How to protect yourself against the new threat of hacking LastPass

Yesterday, the real way to steal data was detected from the popular LastPass password manager. We recommend that you read this article, so as not to fall for the bait.

We use a variety of online services and Web applications, each of which is necessary for safety reasons to have different user names and passwords. Keep them all in your head is impossible, so much widespread password managers. They provide secure storage and convenient use of usernames and passwords not only to online services, but also to the payment systems, bank accounts and so on. Therefore, leakage or hacking of the password manager can be a big problem for many users.

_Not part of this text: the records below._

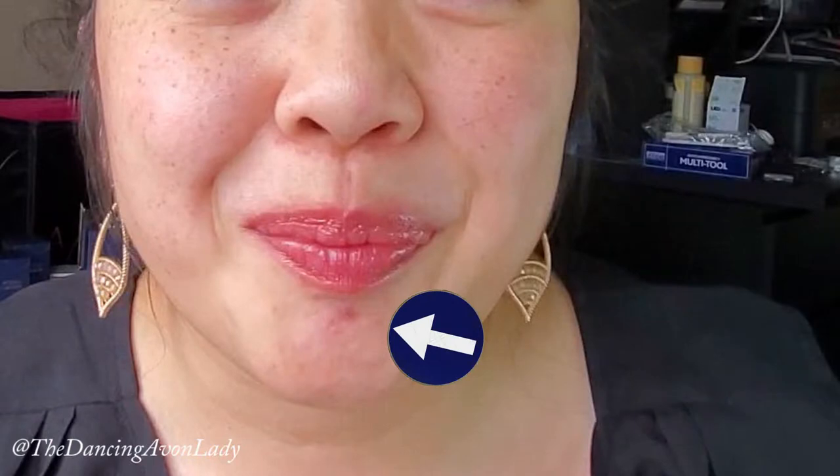I do have a little breakout here — it's getting close to my monthly friend coming to visit, so that's what happens with me. I do not attribute that to the Mission LuxRev, because if it were the product, I would have gotten more pimples along other areas of my face.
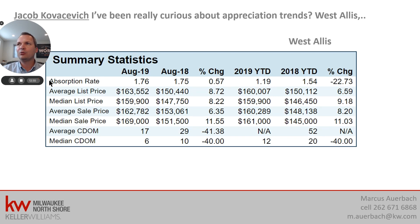We had another question from Jacob, who was curious about appreciation trends specifically for West Allis — he's looking for a property there right now. Here are the numbers specifically for West Allis: looking at the median list price, for August it came up 8.2%; year-to-date, 9.18%; and 11% on median sales price. That is significantly better than Milwaukee is doing as a whole. I think West Allis is a very interesting neighborhood in terms of the value it offers — a lot of small businesses are moving there and they recognize West Allis. It's one of my favorite areas if you are a value investor.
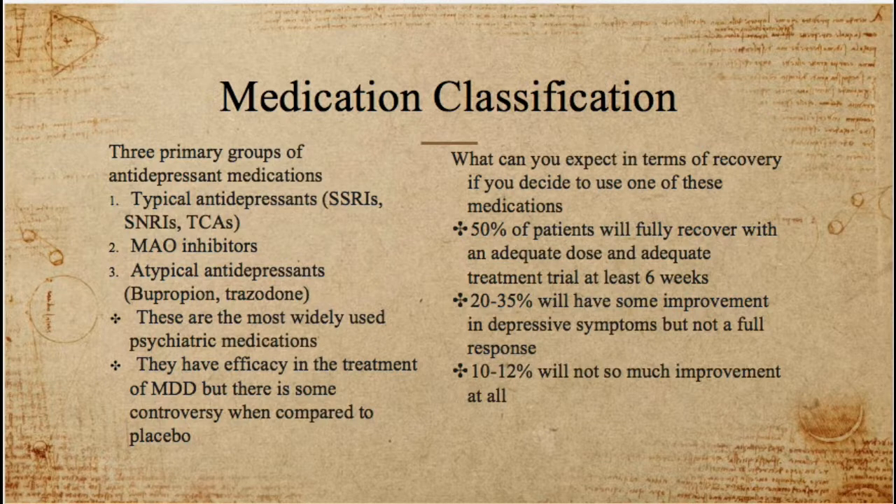About 50% of people fully recover with an adequate dose and adequate treatment of at least six weeks. You have to have an adequate dose, meaning you need to titrate up to a proper drug concentration in the body, and you also need to use it for at least six weeks. A lot of times people come back and say they've been on the medication for two weeks with no difference — but you haven't given it an adequate trial yet. Wait at least six weeks before making any changes, such as increasing the dose, switching medications, or changing to another class.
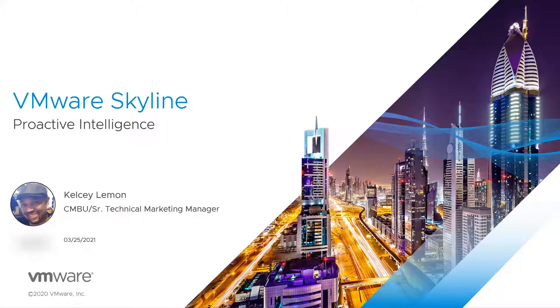Hello, everyone. I am Kelsey Lemon, Technical Marketing Manager for the Cloud Management Business Unit here at VMware, and I want to thank you for your interest in the Skyline service, which leverages proactive intelligence to help keep the environments that you manage out of harm's way. Joining me today is Nick Fritz, Senior Technical Marketing Manager, and he's going to be monitoring our Q&A pod and answering your questions.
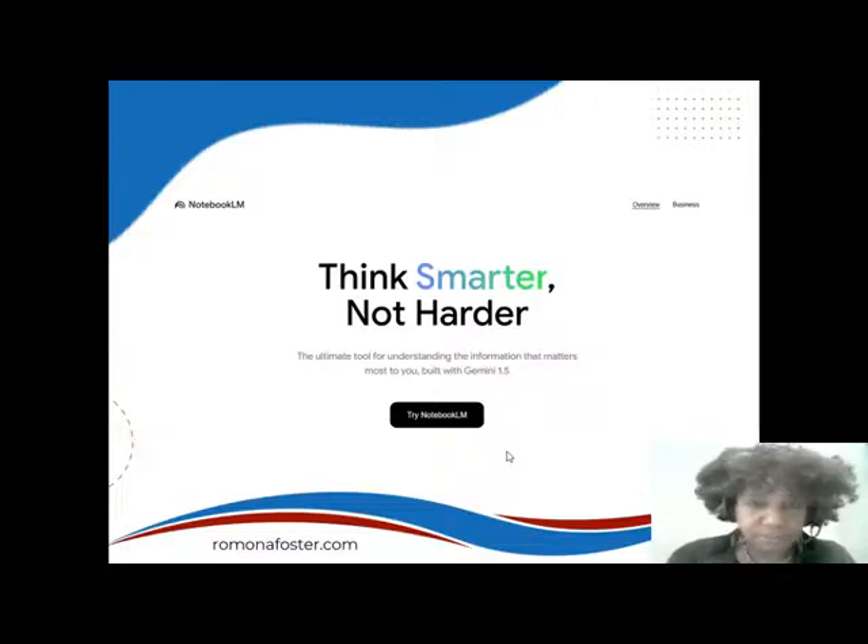It says the ultimate tool for understanding the information that matters most to you, built with Gemini 1.5. So what is Gemini 1.5? Gemini is the replacement for BARD, which was Google's AI tool just a few months ago. Now it's a more powerful AI tool that I've been using along with ChatGPT — until this came along, I've really been using this for a lot of things.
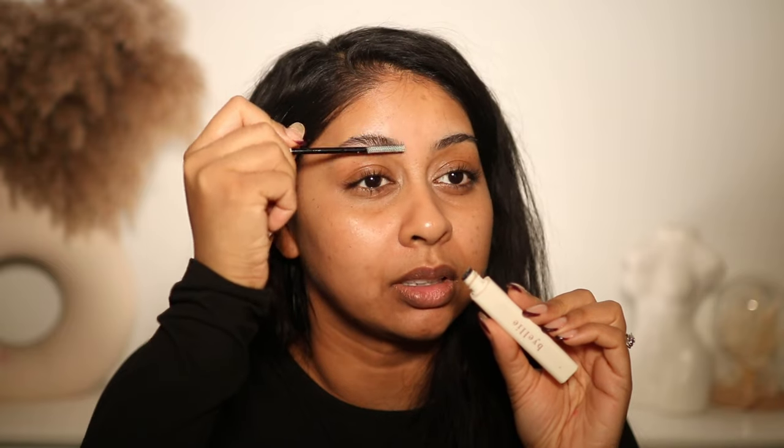The first product is the Byebi brow texture gel. If you have not tried this, I urge you to get it — honestly one of the best brow gels out there. I use this every day, I refuse to use anything else. It doesn't leave any white bits. I used to be obsessed with the Refy brow gel but it's on the pricier side. This is way more affordable and I've gone through so many tubes. I don't know what they put in this but it's so good.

One of the most popular applications of this kind is LastPass. It really is an excellent solution that has passed the test of time and numerous attacks by hackers. Yesterday, however, an expert on computer security Shaun Cassidy (Sean Cassidy) has been found possible to phishing attacks on LastPass. He wittily called it LostPass (lost passwords).

In short, the vulnerabilities found as follows. First, an attacker lures you to a website that showcases

Since fake notification, click on Try Again button will take you on a specially created page that looks just like a standard form for entering the login and password LastPass. She even address will be almost the same, which usually have official browser pages opened by your installed extensions. Except for a small detail, which I've highlighted in the screenshot. I am sure that most users do not pay attention to such trifles no attention.

Next, you enter on this page, your username and password to log into LastPass, and they immediately fall into the hands of hackers. As a result, the latter receive full access to all of your sites and account data. The attack works even if you have enabled two-factor authentication, only the sequence of actions the hacker will be one more step. More details on the work can be read LostPass here (in English).

Of course, you have a question, how to guard against this danger. While LastPass developers do not take measures to prevent such a phishing attack, users can temporarily disable the browser-based extension of this service. Yes, it is uncomfortable and make you need to manually copy your passwords with LastPass web page. A more radical option would be to find an equivalent alternatives to store passwords and sensitive data.

Do you still use LastPass or have already switched to any other password manager?